Casinò ormai superati
Il comma 570 dell’articolo 1, introdotto al Senato, modifica i contenuti dell’incarico assegnato al commissario straordinario per la gestione della casa da gioco di Campione d’Italia, come previsto dal decreto legge 119/2018: il commissario potrà elaborare un programma di risanamento del gestore; il nuovo gestore potrà essere individuato anche attraverso la costituzione di una nuova società interamente partecipata con capitale pubblico; il piano degli interventi deve essere soggetto all’approvazione del Ministero dell’Interno. “Sono in sfacelo – sottolinea D’Urso – le quattro case di gioco presenti in Italia, perché la gente immediatamente vuole vedere il risultato.

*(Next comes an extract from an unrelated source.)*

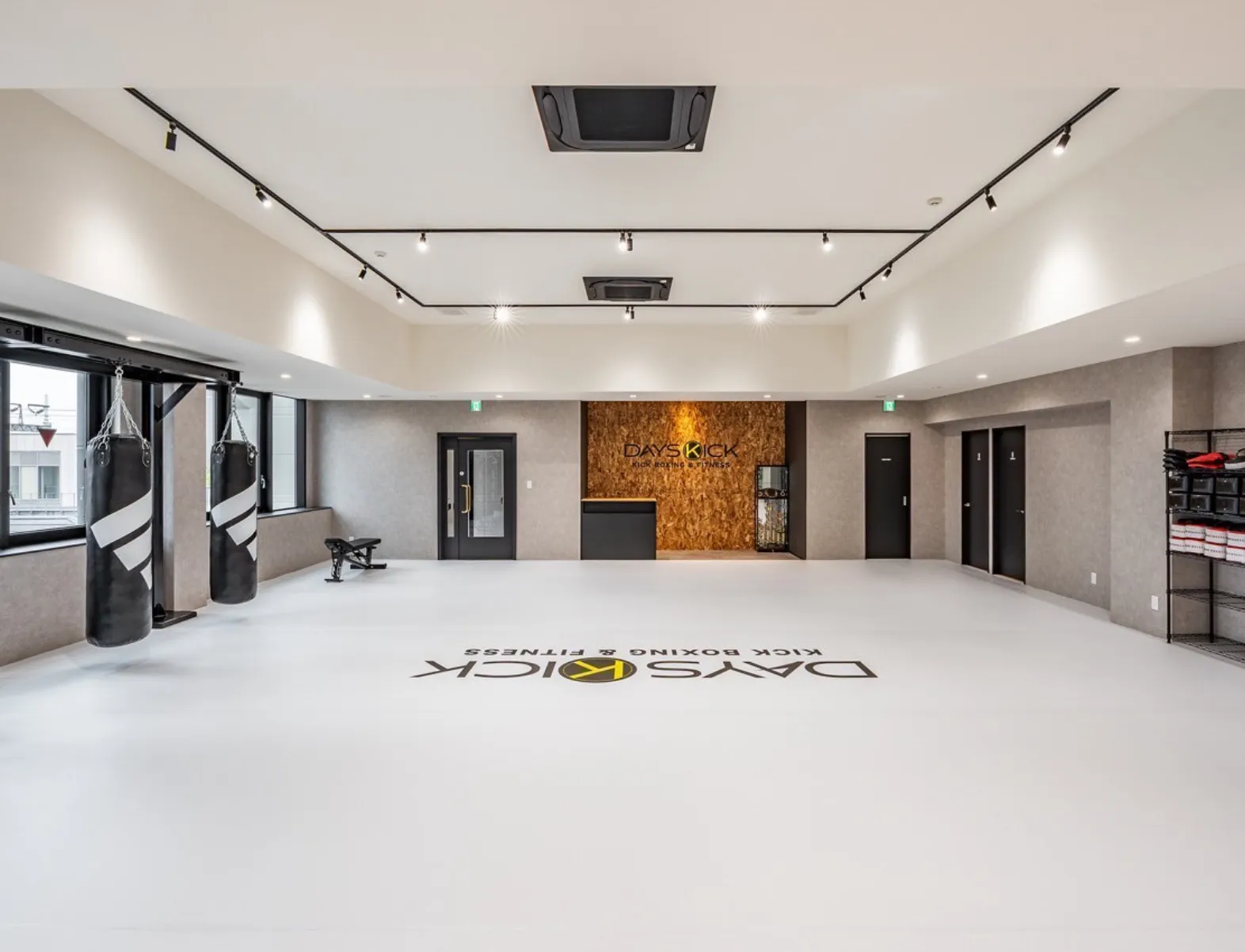 清潔で広々なトレーニング空間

Per giocare non c’è più bisogno di andare a Sanremo o a Campione d’Italia, dove il casinò è fallito. E ora lo Stato dovrebbe dare al comune i soldi per i debiti che ha contratto per costruire il casinò, invece di pensare a chi non ha lavoro! Ed è assurdo se si pensa che nel 2018 è ancora aumentata la raccolta, legata all’azzardo, raggiungendo quota 107,3 miliardi di euro, tra slot, scommesse, Gratta e vinci, Lotto, Superenalotto, Bingo e altri giochi, superando del 5,6% la cifra raccolta nel 2017. La verità è che lo Stato vuole continuare a espandere il gioco in maniera subdola per assicurarsi altri soldi. Non c’è la volontà di rendersi conto delle conseguenze dell’azzardo”.
Tre convegni
La Consulta nazionale antiusura, ci anticipa il presidente, organizzerà tre convegni, uno al Nord, uno al Centro e l’altro al Sud, per chiedere di dare la possibilità a Regioni e comuni di legiferare in materia di azzardo, perché sono gli enti locali a conoscere i problemi reali delle persone”. “Per il Meridione l’appuntamento sarà il 20 febbraio a Palermo – racconta il sacerdote -, mentre dobbiamo decidere ancora le date per Torino e Roma. Se facessimo un referendum, uscirebbero non i ‘gilet gialli’, ma i ‘gilet delle famiglie disperate’ che hanno perduto tutto per l’azzardo. Sono, infatti, in aumento le persone compulsive che vivono in maniera patologica il gioco. Abbiamo notizie brutte da ogni parte d’Italia”. Dal fenomeno non sono esclusi gli immigrati:“Dovrebbe farsi una verifica su quante sale gioco stanno aprendo gli stranieri, dove vanno a giocare tanti migranti – suggerisce mons. D’Urso -. Ma c’è un particolare in più: spesso sorgono vicino ai compra oro, dove gli immigrati vendono le loro poche cose per poter giocare”. Un fenomeno, insomma, che miete vittime sempre tra i più deboli.